═════ Listed records
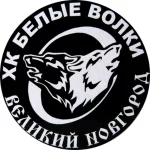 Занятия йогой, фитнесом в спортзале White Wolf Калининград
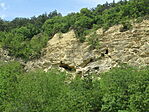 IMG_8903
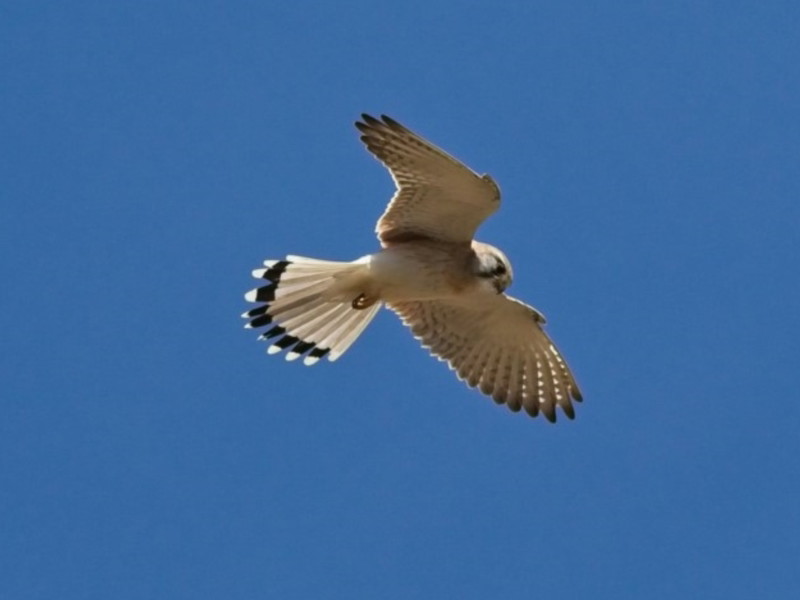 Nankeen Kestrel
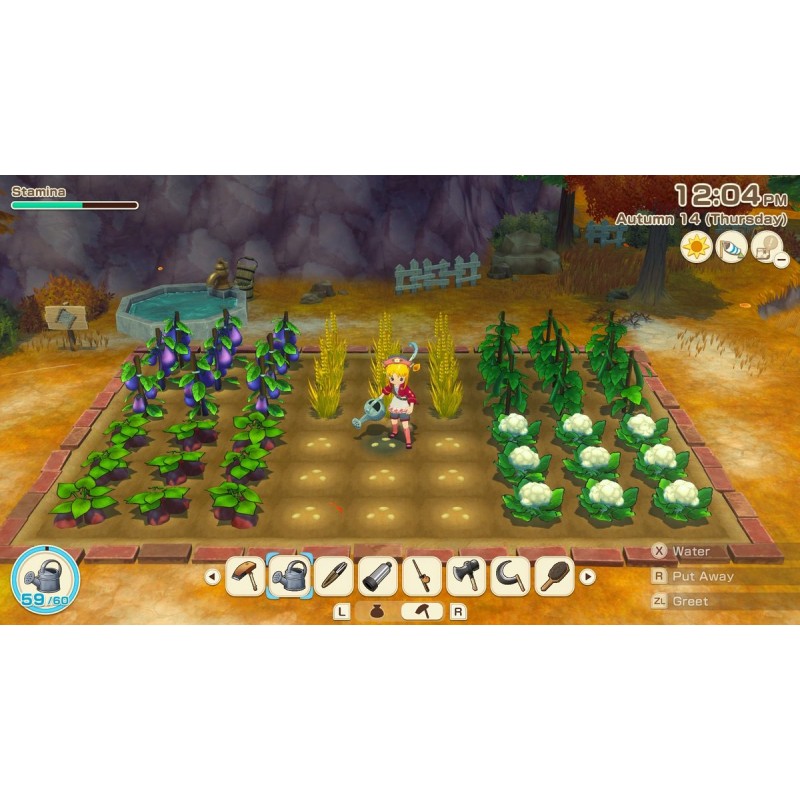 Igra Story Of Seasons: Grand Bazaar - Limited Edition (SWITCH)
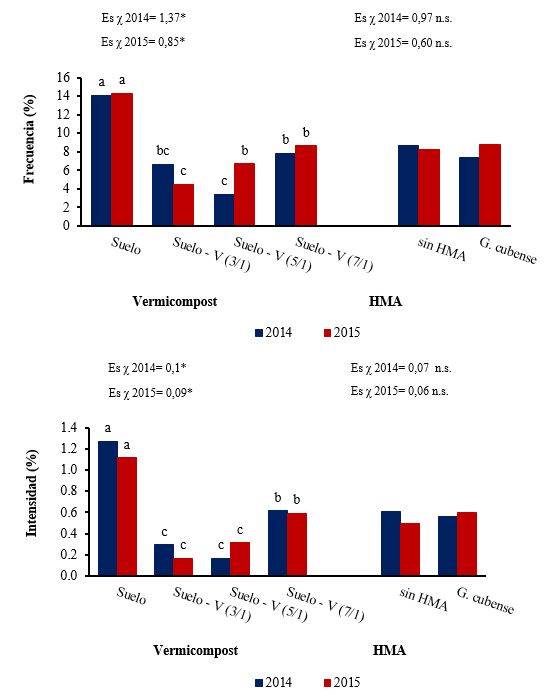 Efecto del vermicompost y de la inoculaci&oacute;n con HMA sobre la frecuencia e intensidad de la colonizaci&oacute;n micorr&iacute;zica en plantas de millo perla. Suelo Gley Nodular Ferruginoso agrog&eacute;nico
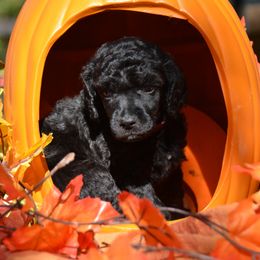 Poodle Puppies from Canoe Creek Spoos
══════════
The finished copy should match the data above word for word and contain no pictures.

Reply to the exercise
 Занятия йогой, фитнесом в спортзале White Wolf Калининград
 IMG_8903
 Nankeen Kestrel
 Igra Story Of Seasons: Grand Bazaar - Limited Edition (SWITCH)
 Efecto del vermicompost y de la inoculaci&oacute;n con HMA sobre la frecuencia e intensidad de la colonizaci&oacute;n micorr&iacute;zica en plantas de millo perla. Suelo Gley Nodular Ferruginoso agrog&eacute;nico
 Poodle Puppies from Canoe Creek Spoos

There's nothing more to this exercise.